Day 6: Who said something true today that was hard to say? What did you appreciate about how they said it?

Day 7: Week reflection: Who has appeared most in your journal this week? What does that tell you about where your appreciation is — and where there might be a gap?


Week 2: Noticing Moments

Day 8: Describe one moment from today when the work felt meaningful. What was happening? Who was involved?

Day 9: When did someone on your team operate above the level of their role today or this week? What did you observe?

Day 10: What decision was made well recently — either by you or someone else? What made it good?

Day 11: Describe a meeting or conversation from the past week that actually accomplished something. What worked about it?

Day 12: What problem got solved this week without your direct involvement? Who solved it, and how?

Day 13: Recall a moment when your team’s culture showed up in action — not as a value on a wall, but as a behavior in a room. What happened?

Day 14: Week reflection: What patterns of strength are you seeing in your team that you haven’t named out loud? What’s one thing you could say to someone this week?


Week 3: Noticing Yourself

Day 15: What did you do today or this week that you’re genuinely proud of? (Not “what went well” — what are you proud of in yourself?)

Day 16: What skill or strength did you bring to a challenge recently that you don’t always give yourself credit for?

Day 17: Think of a time in the past year when you were at your best as a leader. What were the conditions? What were you doing differently?

Day 18: What have you learned about yourself from a mistake or failure recently? What are you grateful for in that lesson?

Day 19: Who is a model for you — someone whose leadership you admire and try to embody? What specifically do you learn from watching them?

Day 20: What aspect of your current role, team, or organization do you find genuinely meaningful? Why?

Day 21: Week reflection: Where have you been hardest on yourself as a leader? What would appreciating your own strengths look like in that area?


Week 4: Noticing the Bigger Picture

Day 22: What’s one thing about the culture of your team that you’d be proud to have as a legacy — something you helped create or protect?

Day 23: Think of an organization or team you’ve been part of in the past that shaped you. What are you grateful for from that experience?

Day 24: Who gave you a chance you might not have given yourself — early in your career, or more recently? What did they see in you?

Day 25: What work that you’ve done — or that your team has done — has created value that ripples beyond the organization?
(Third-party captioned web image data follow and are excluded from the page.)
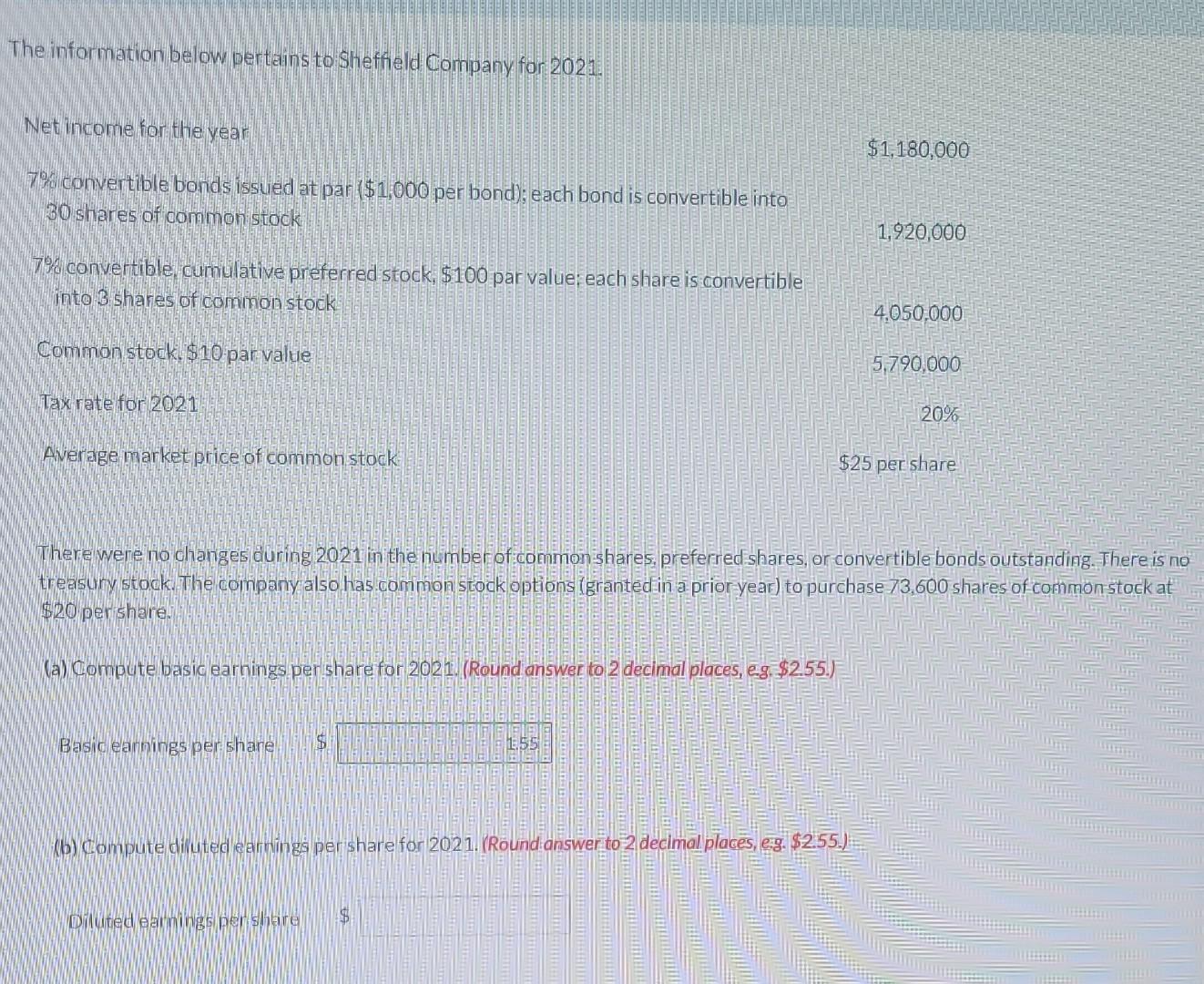 I need help in computing the diluted earnings per share for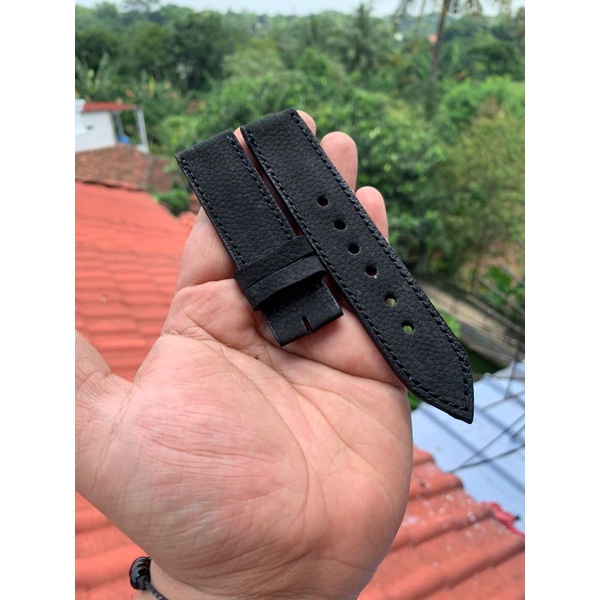 Strap Tali jam tangan Kulit Asli Full hitam 24mm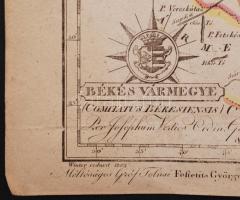 1802 Békés vármegye. Comitatus Békésiensis. Színezett rézmetszet, papír, 31×26,5 cm Békés vármegye k...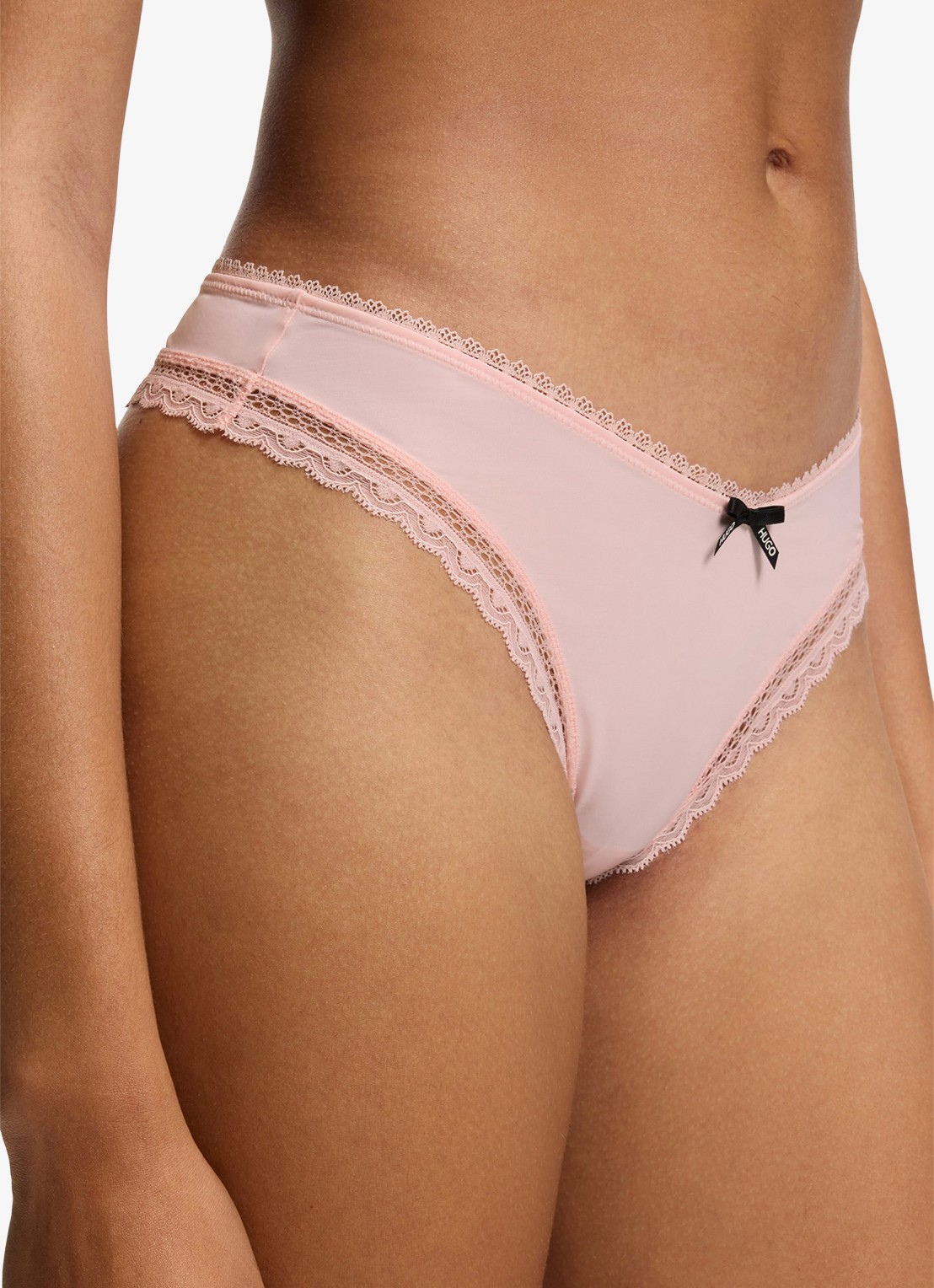 HUGO String van elastische microvezelstof met kanten afwerking - detail 3 lichtroze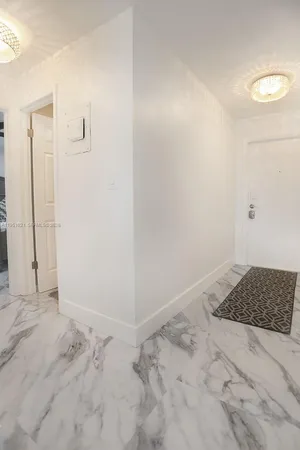 an outdoor space with lots of palm trees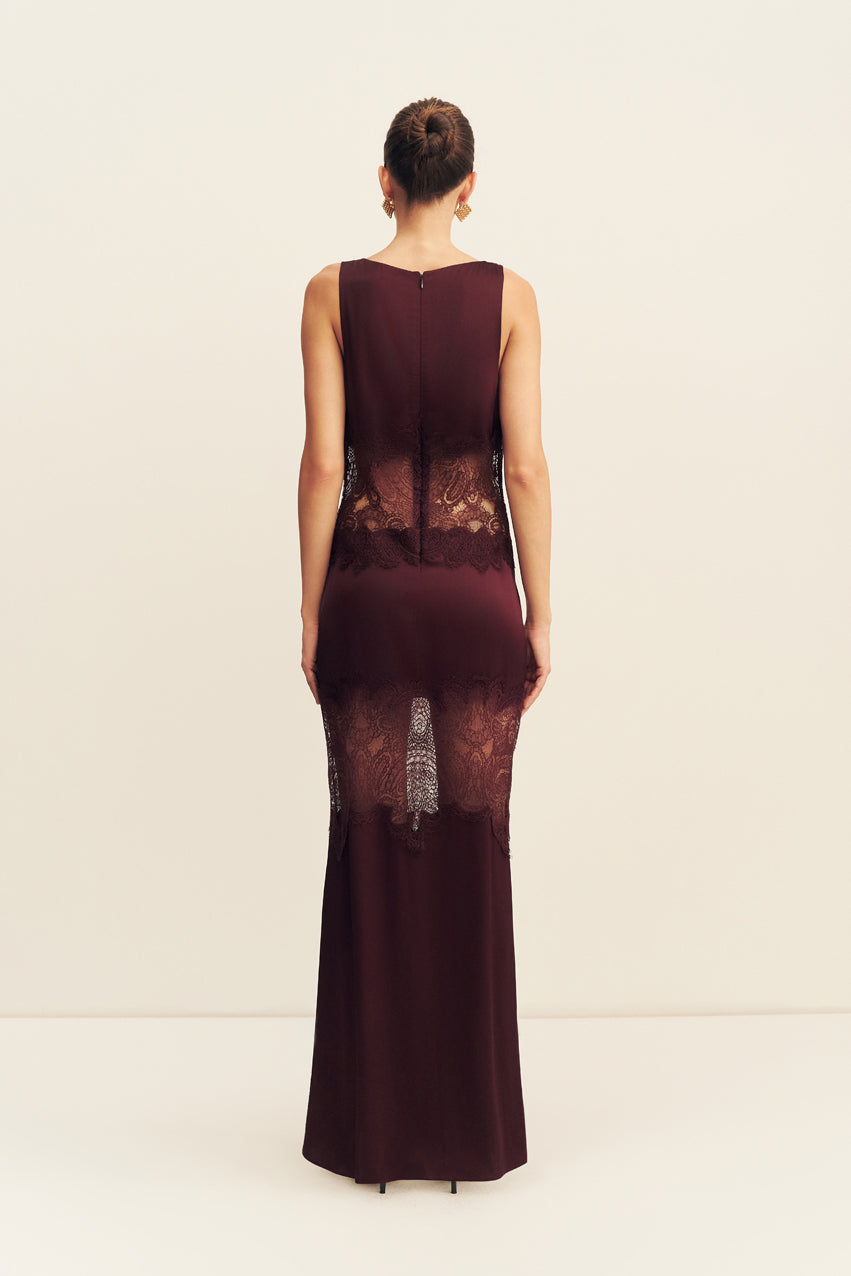 Jamila Lace Plunged Panelled Maxi Dress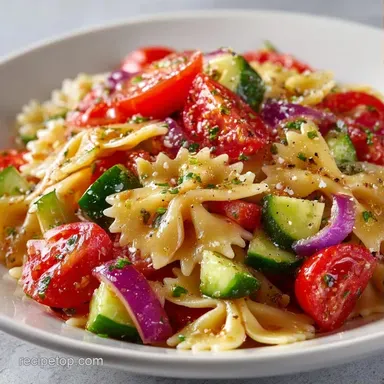 Bow Tie Pasta Salad in 25 Minutes Recipe Card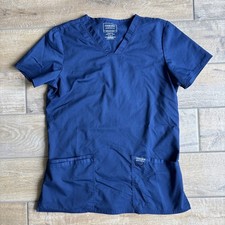 Cherokee Workwear Revolution Women Small Scrub Top Navy Stretch WW620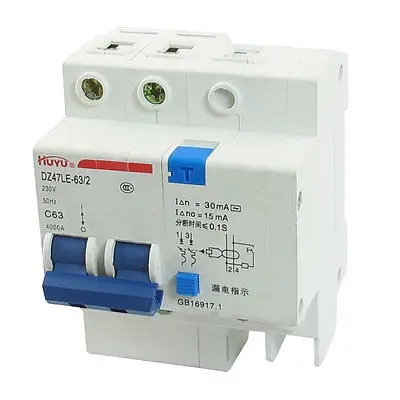 

DZ47LE-63 C63 AC 230V 63A Two Pole On/Off Switch Mini Circuit Breaker 4000A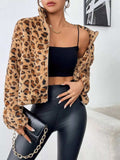 Leopard Fuzzy Zip-Up Jacket - Trendsi - Flyclothing LLC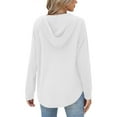 thumbnail image 7 of Enjoytime Hoodies for Women Solid Color Long Sleeve Button Down Sweatshirt Lightweight Casual Trendy Pullover Sweatshirts White L, 7 of 7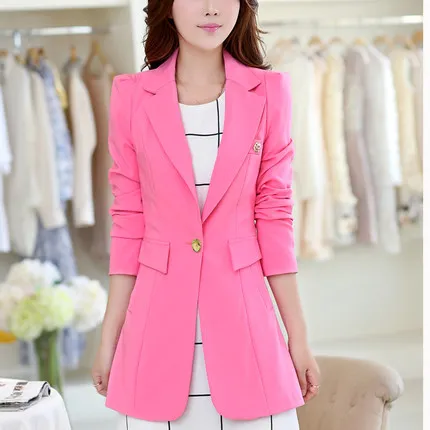 Модный бренд Для женщин весенне-осенний костюм женский плюс Размеры тонкий длинный рукав Пиджаки и костюмы ярких Цвета 6 Цвет HJ161 - Цвет: Pink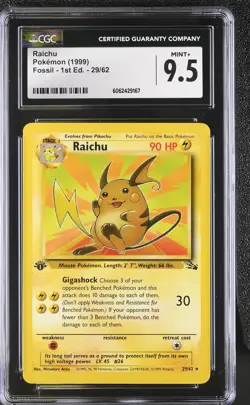 CGC 9.5 MINT+ Raichu 1999 Fossil 1st Edition 29/62 Pokemon Card psa - Image 1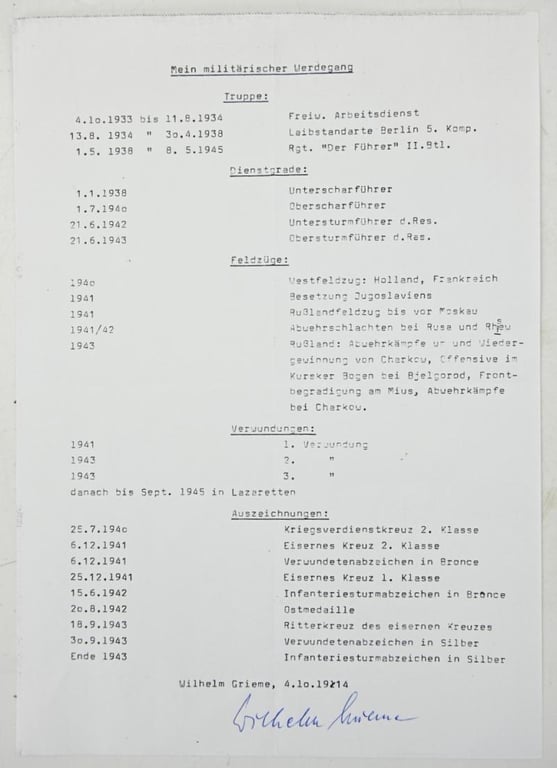 Signature of Waffen-SS KC Reciepient Wilhelm Grieme
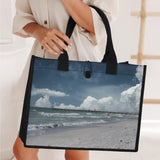 Custom Beach Life Vistas Beach Clouds Premium All - Over Print Canvas Tote Bag - POPvault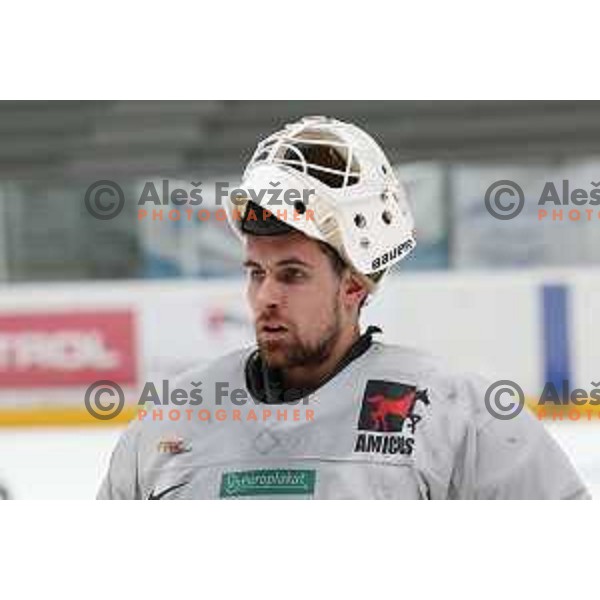Gasper Kroselj of Slovenia Ice-Hockey team at first practice session before World Championships in Podmezakla Hall, Jesenice on April 5. 2015
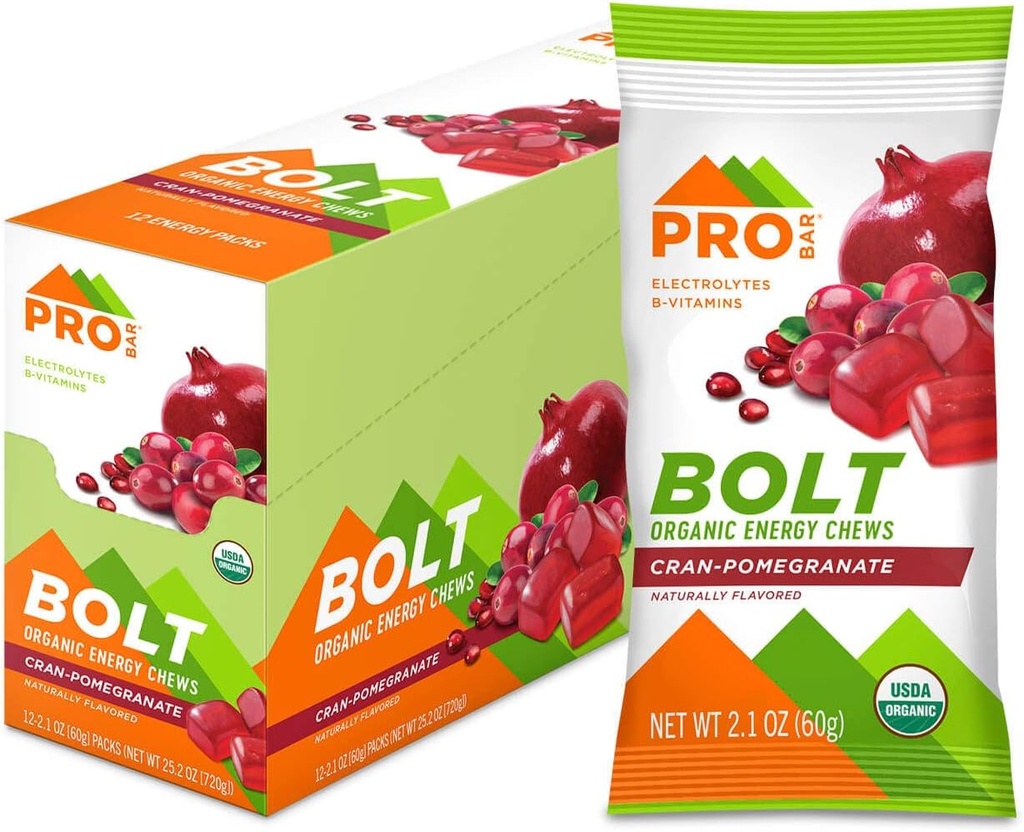 PROBAR - BOLT Énergie biologique Chews, grenade aux canneberges, non-OGM, sans gluten, USDA certifié biologique, saine, énergie naturelle, carburant rapide avec vitamines B & C (12 comte)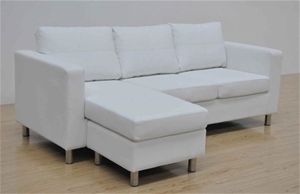 White PU Leather 3 Seater Sofa Lounge Co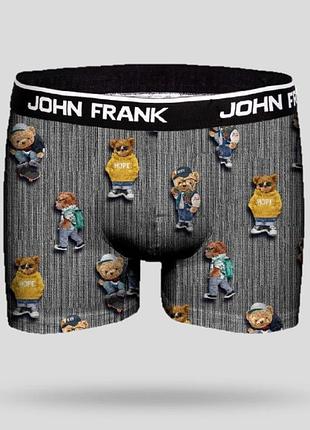 Трусы шортами мужские с мишками john frank серые jfbd325 m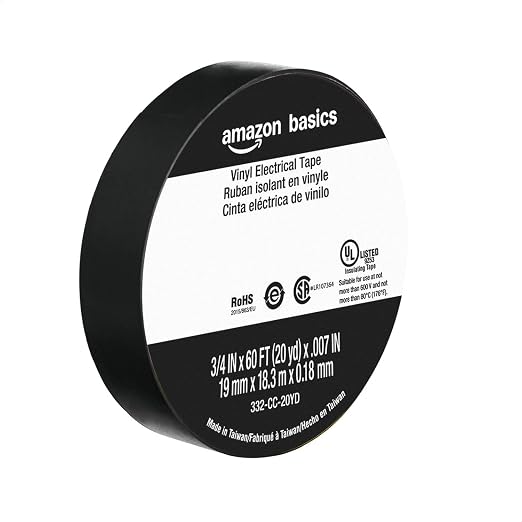 Amazon Basics Vinyl Electrical Adhesive Tape, Flame Retardant, Wire Insulation, Repairs, 3/4 in x 60 ft x 0.007in, Black, 6-Pack (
What are you proud to have contributed?

Day 26: What’s the best piece of feedback you’ve ever received? Who gave it, and what made it land?

Day 27: If you could write a letter of appreciation to one person who shaped your career, who would it be? What would you most want to say?

Day 28: Synthesis: What are the three most significant things you’ve noticed across this month of journaling? What patterns, people, or moments keep surfacing?


Bonus Prompts: For Harder Seasons

Use these when the practice of gratitude feels difficult — during conflict, transition, or uncertainty.

  • What is one thing, even small, that is working right now?
  • Who is showing up with integrity in a difficult situation? What are they doing?
  • What challenge you’re currently facing will you likely be grateful you went through — eventually?
  • What would it mean to appreciate this difficulty for what it’s teaching rather than resenting it for what it’s costing?
  • Who is beside you in this? What do you value about having them there?

After 30 Days

Review your entries and ask:

  1. Whose name appears most often? Have you told them what you’ve noticed?
  2. What strengths of your team have become clearer? Have you named them?
  3. What conditions are present when things go well? Can you create more of them?
  4. What aspect of your own leadership do you see more clearly?

The journal is a mirror. Use what it shows you.